-- Material for the task follows --
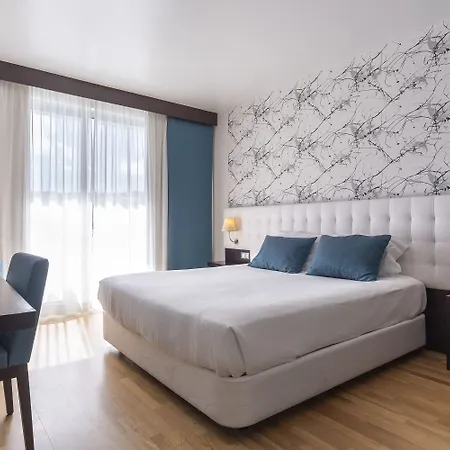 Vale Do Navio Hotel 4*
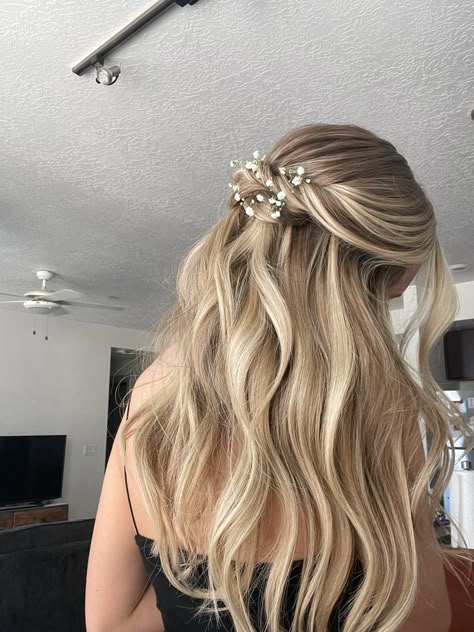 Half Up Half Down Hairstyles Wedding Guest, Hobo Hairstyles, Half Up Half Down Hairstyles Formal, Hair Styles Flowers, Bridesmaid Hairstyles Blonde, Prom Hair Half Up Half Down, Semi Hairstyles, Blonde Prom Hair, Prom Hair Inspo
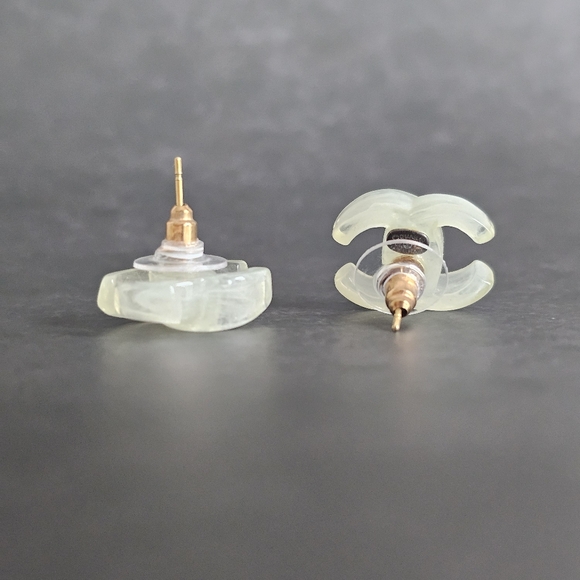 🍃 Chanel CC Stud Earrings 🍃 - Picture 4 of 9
-- Material for the task concluded --
-- Material for the task follows --
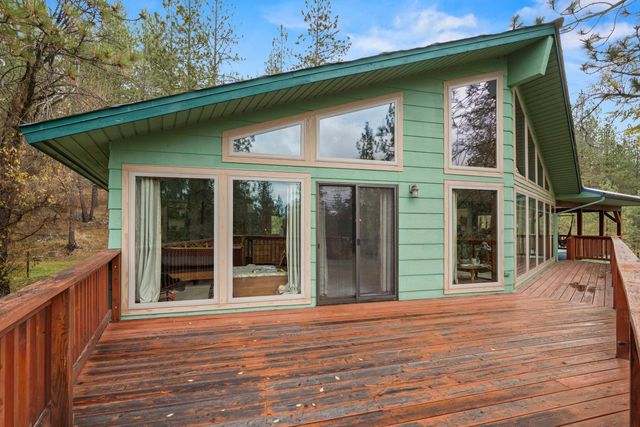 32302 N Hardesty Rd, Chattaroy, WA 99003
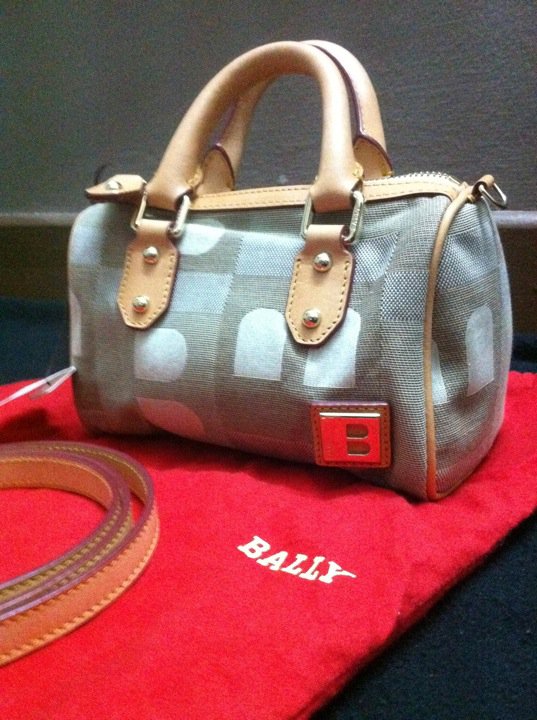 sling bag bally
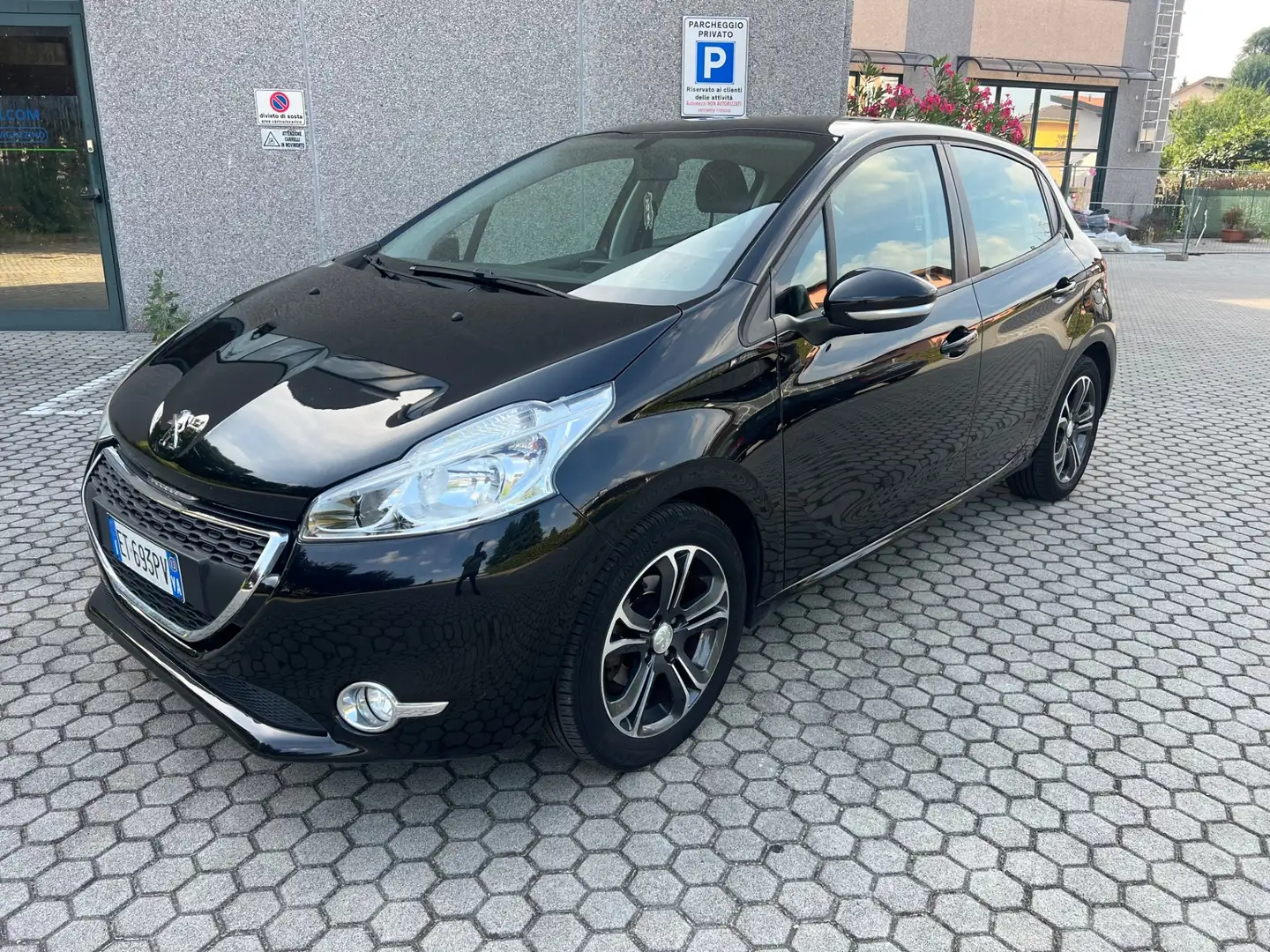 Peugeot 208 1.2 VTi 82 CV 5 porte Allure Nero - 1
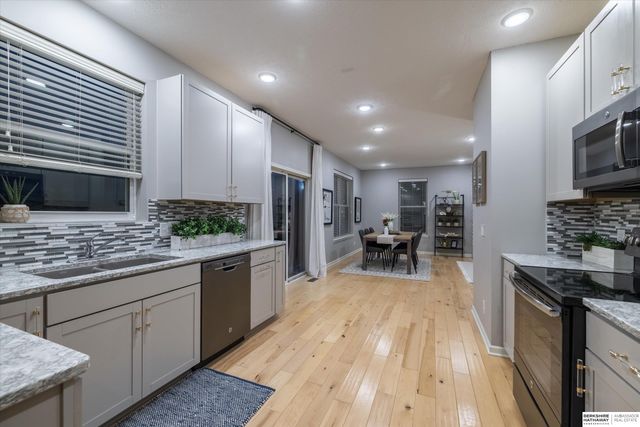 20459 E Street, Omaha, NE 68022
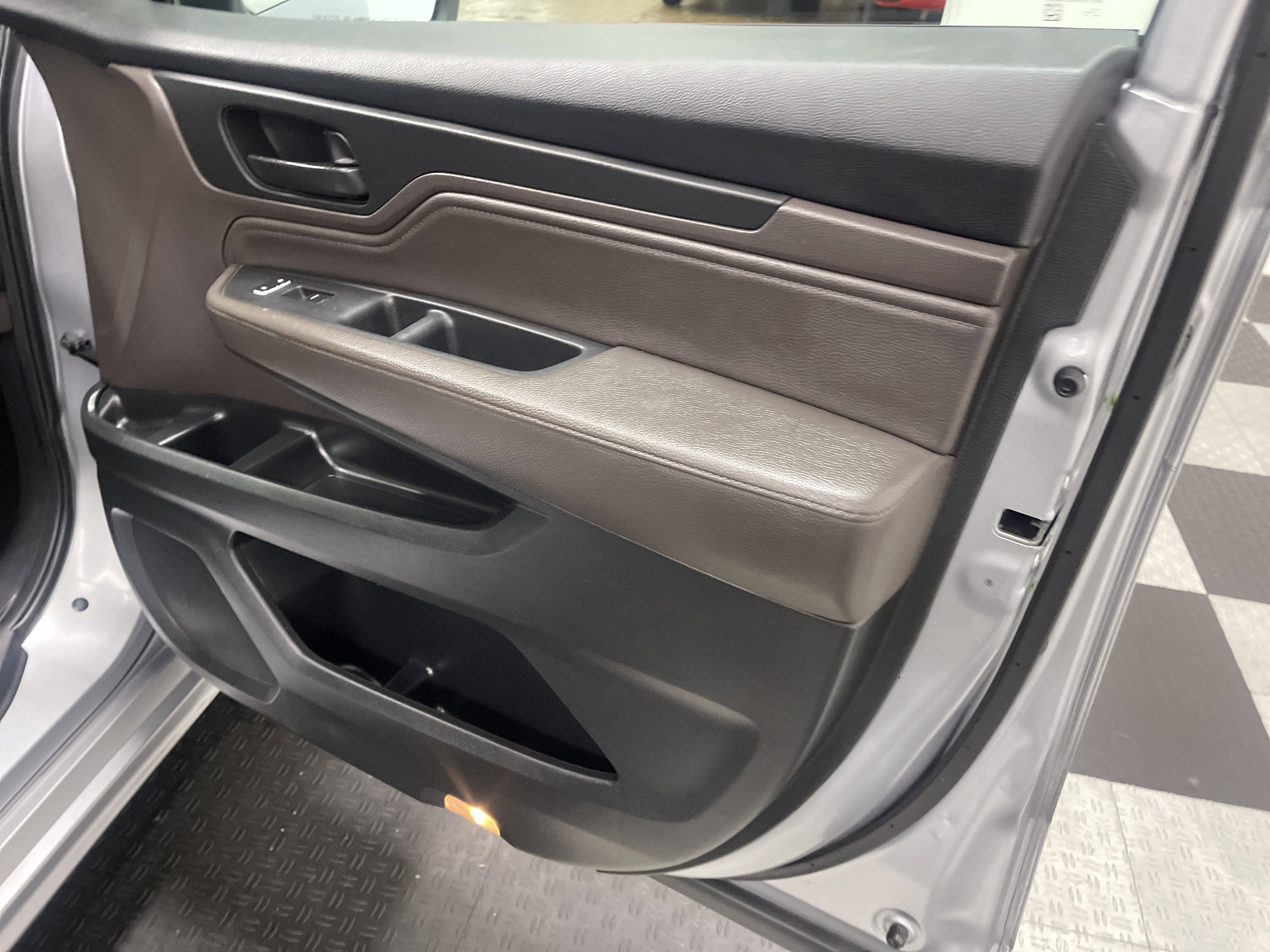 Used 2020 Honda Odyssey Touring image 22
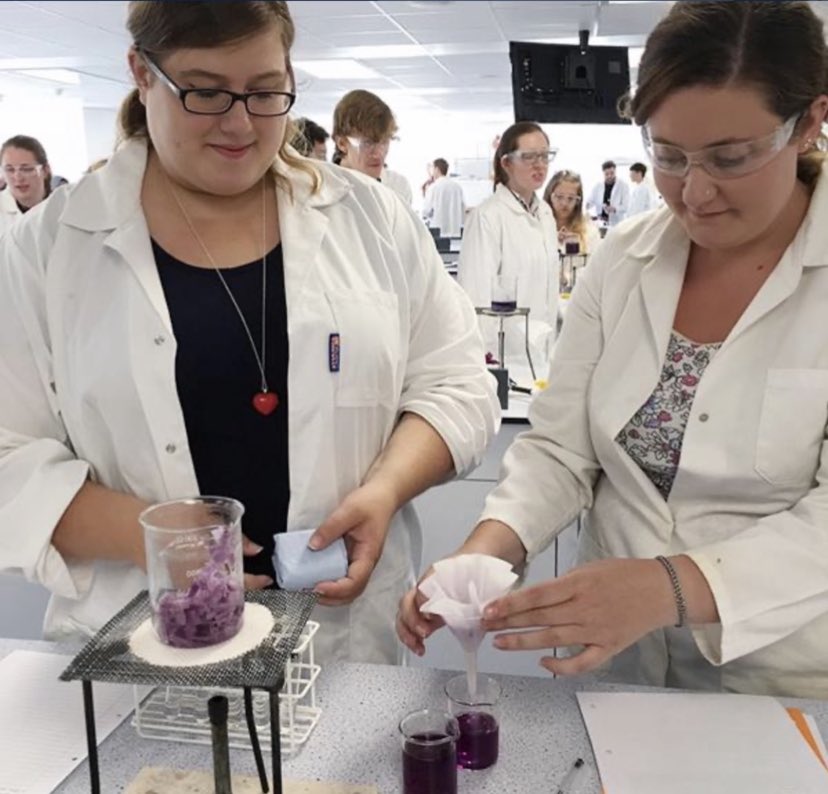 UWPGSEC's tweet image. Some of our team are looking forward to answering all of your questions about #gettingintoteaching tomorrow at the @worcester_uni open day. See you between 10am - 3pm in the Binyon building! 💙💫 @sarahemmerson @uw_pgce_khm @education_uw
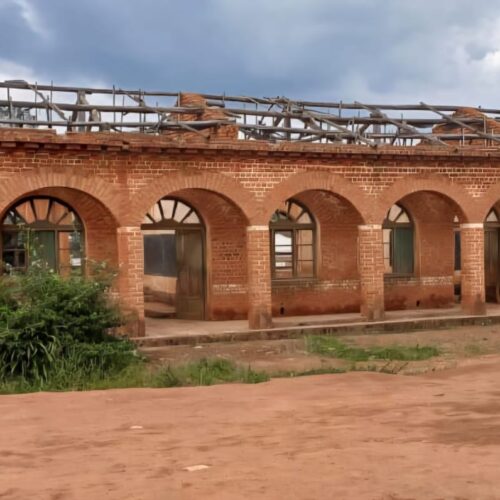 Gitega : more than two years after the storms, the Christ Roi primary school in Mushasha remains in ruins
-- Material for the task concluded --
#### [What you will do]
Within the listing above, copy exactly the lines that start at the one with "32302 N Hardesty Rd, Chattaroy, WA 99003" and continue through the one with "Gitega : more". Omit pictures.

#### [Exercise output]
 32302 N Hardesty Rd, Chattaroy, WA 99003
 sling bag bally
 Peugeot 208 1.2 VTi 82 CV 5 porte Allure Nero - 1
 20459 E Street, Omaha, NE 68022
 Used 2020 Honda Odyssey Touring image 22
 UWPGSEC's tweet image. Some of our team are looking forward to answering all of your questions about #gettingintoteaching tomorrow at the @worcester_uni open day. See you between 10am - 3pm in the Binyon building! 💙💫 @sarahemmerson @uw_pgce_khm @education_uw
 Gitega : more than two years after the storms, the Christ Roi primary school in Mushasha remains in ruins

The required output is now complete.